Requirement: Please restate every record below word for word and skip the pictures.

Extracted data entries:
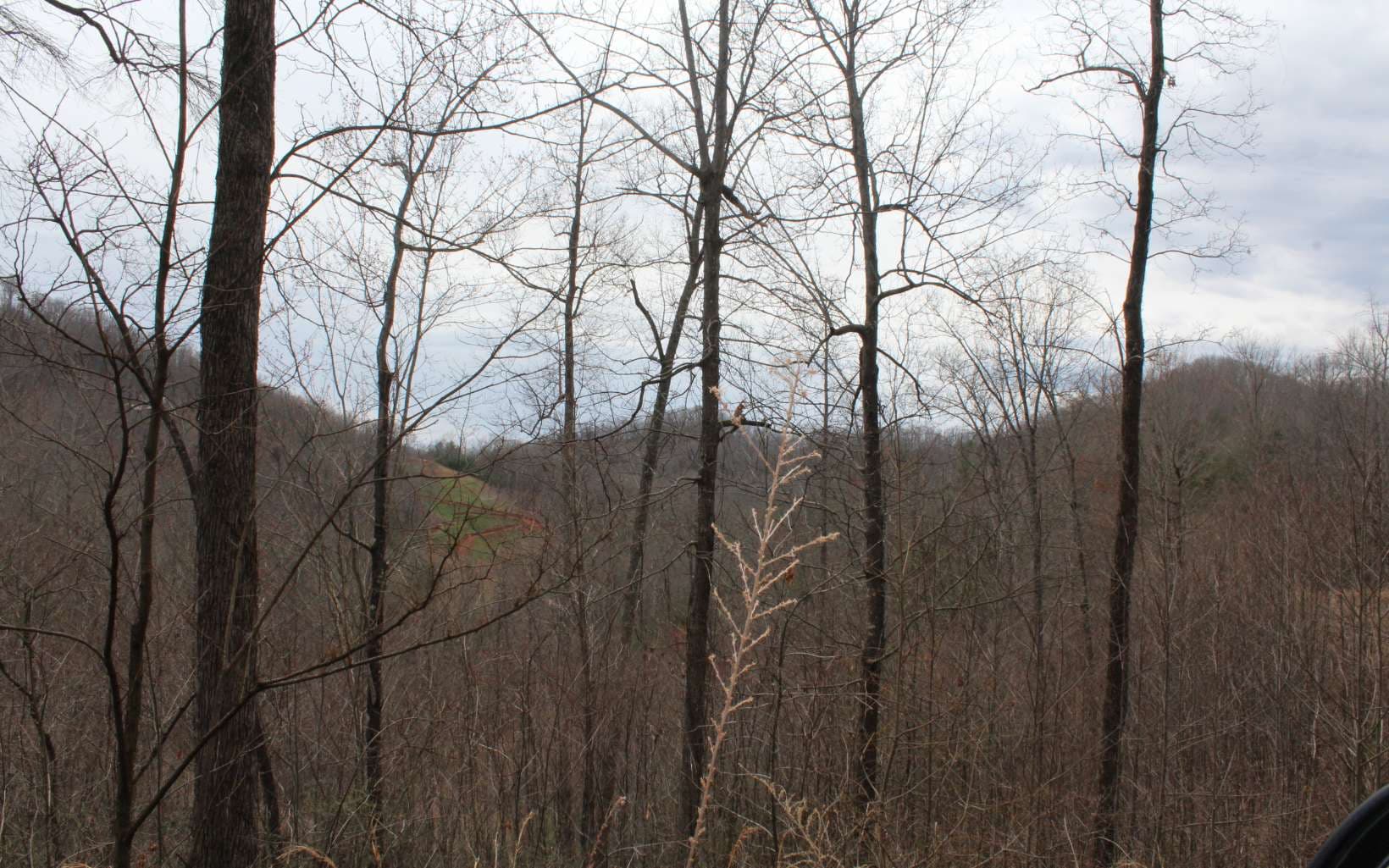27&28 N Ridge High Meadows, Hayesville NC 28904 - Photo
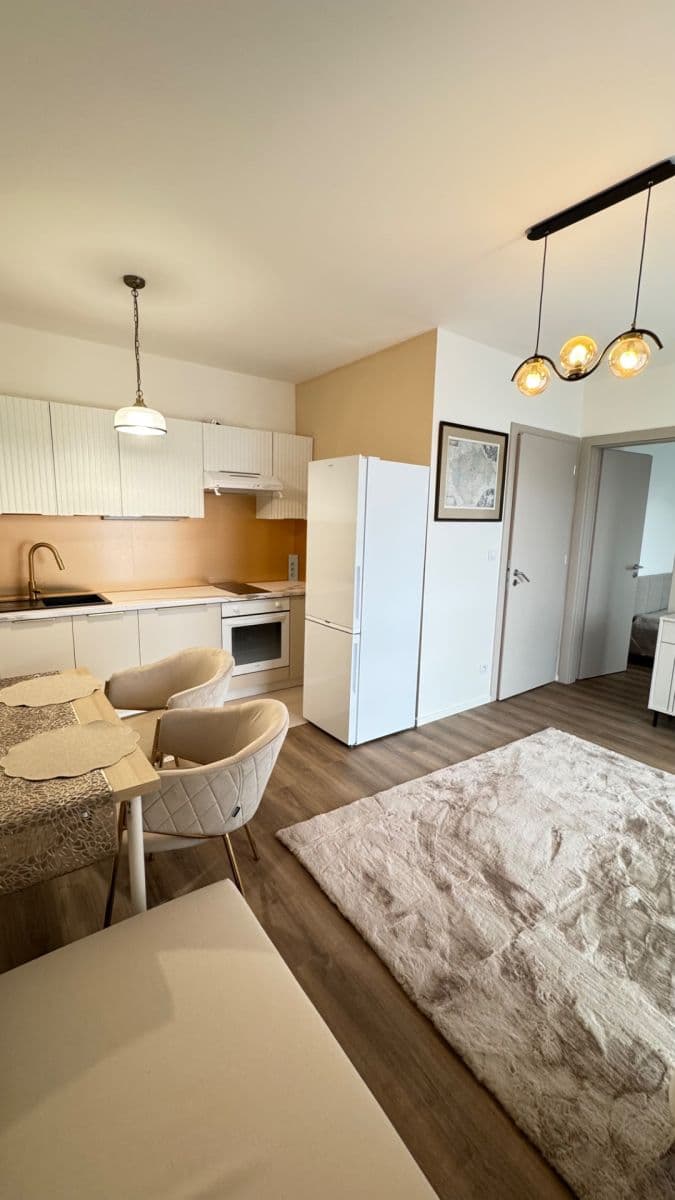 1 bedroom with open-plan kitchen flat to rent, 34 m², Arnošta Valenty, Prague, Prague 1 bedroom with open-plan kitchen flat to rent, 34 m², Arnošta Valenty, Prague, Prague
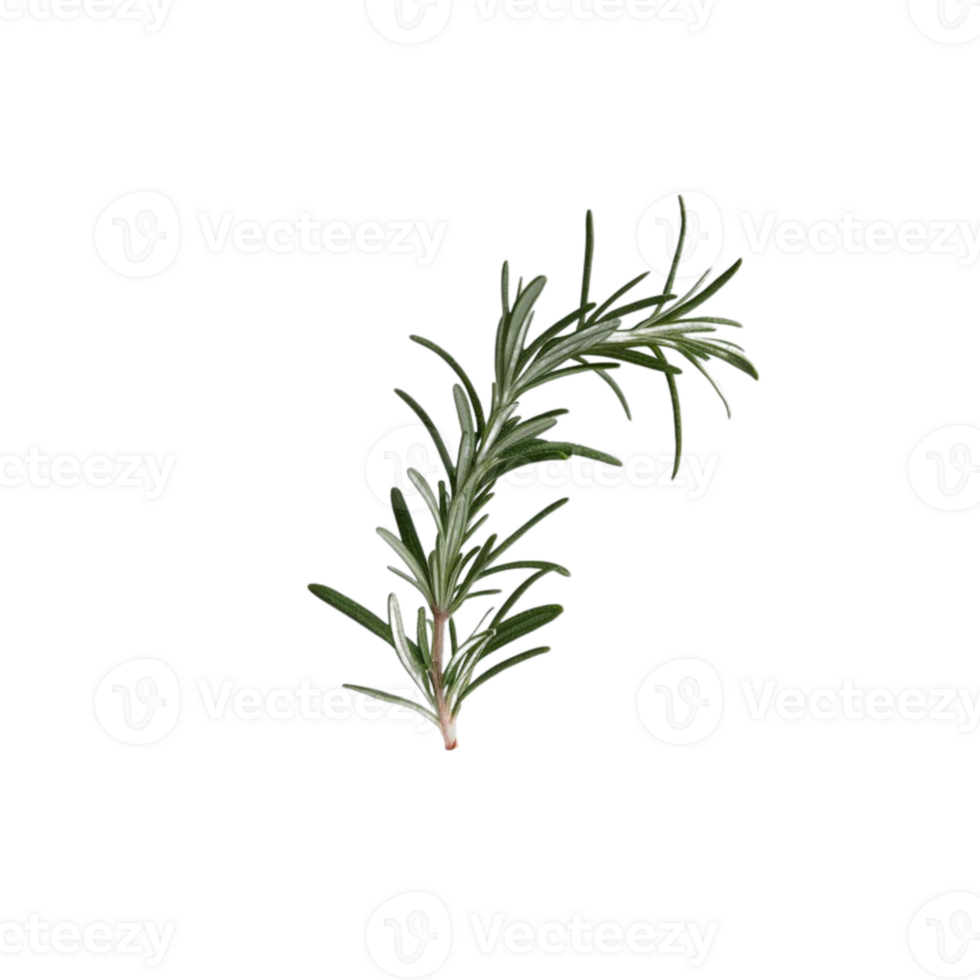 Rosemary leaves serve as beneficial herbal components, set against a transparent background png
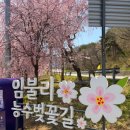 거창읍-22 | 거창 벚꽃 4.11 실시간 (임불마을, 덕천서원, 용원정)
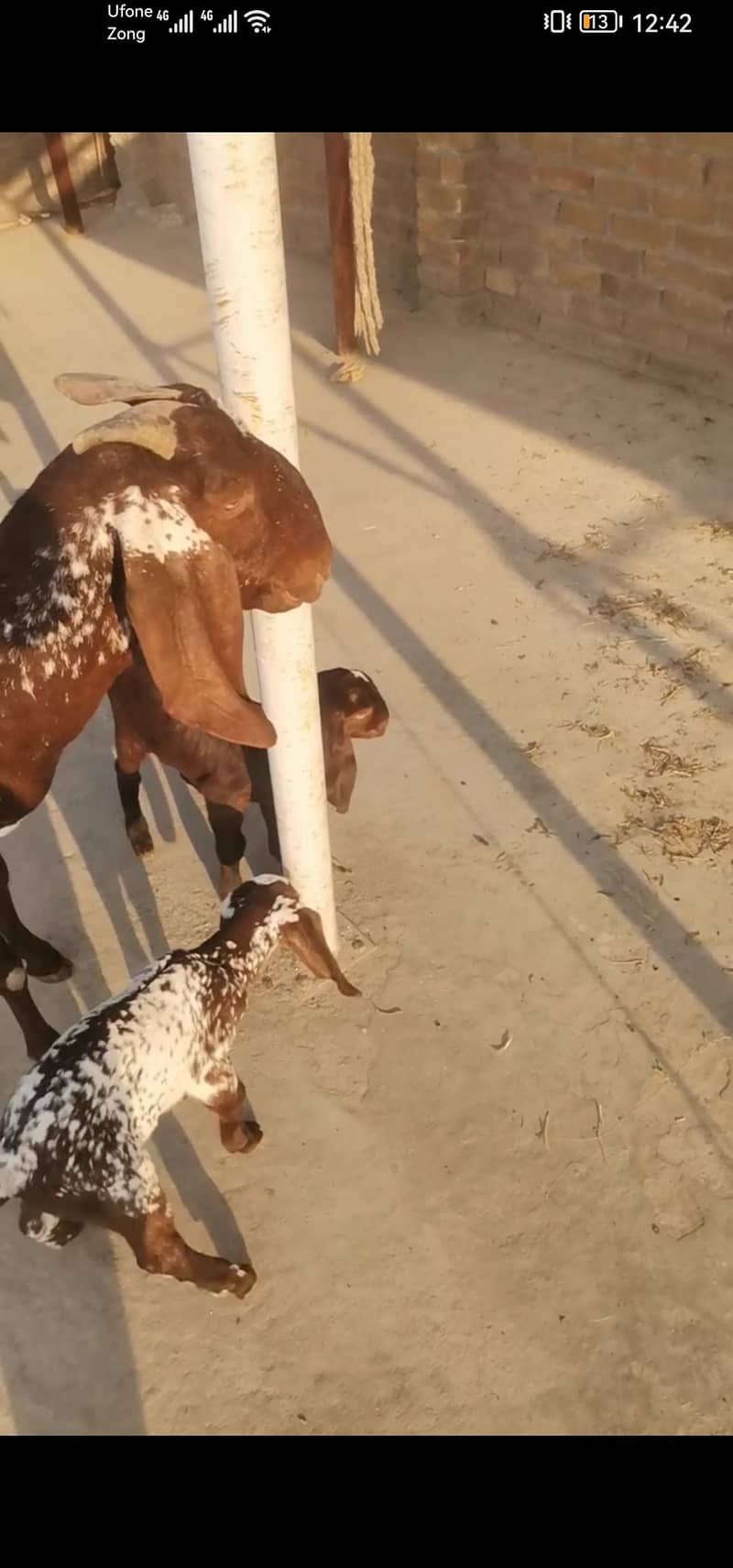 بکری برائے فروخت 5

The completed task:
27&28 N Ridge High Meadows, Hayesville NC 28904 - Photo
 1 bedroom with open-plan kitchen flat to rent, 34 m², Arnošta Valenty, Prague, Prague 1 bedroom with open-plan kitchen flat to rent, 34 m², Arnošta Valenty, Prague, Prague
 Rosemary leaves serve as beneficial herbal components, set against a transparent background png
 거창읍-22 | 거창 벚꽃 4.11 실시간 (임불마을, 덕천서원, 용원정)
 بکری برائے فروخت 5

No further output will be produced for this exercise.